**** COLLECTED MATERIAL

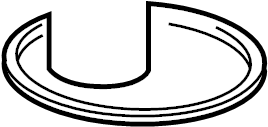 View 7716933020 Fuel Pump Tank Seal (Upper, Lower) Full-Sized Product Image
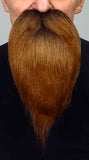 Beard   14.5cm X 27cm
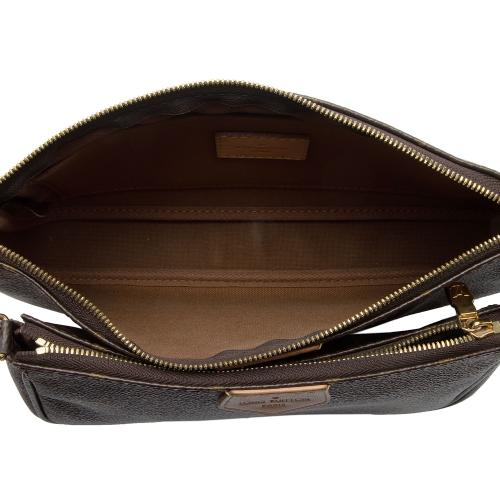 LOUIS VUITTON Monogram Multi Pochette Accessories Kaki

********

__WORK TO COMPLETE__. Copy exactly, please, every line from the one holding "14.5cm X 27cm" through the last line of the data, both ends included, and no pictures.

__SOLUTION BELOW__.
 Beard   14.5cm X 27cm
 LOUIS VUITTON Monogram Multi Pochette Accessories Kaki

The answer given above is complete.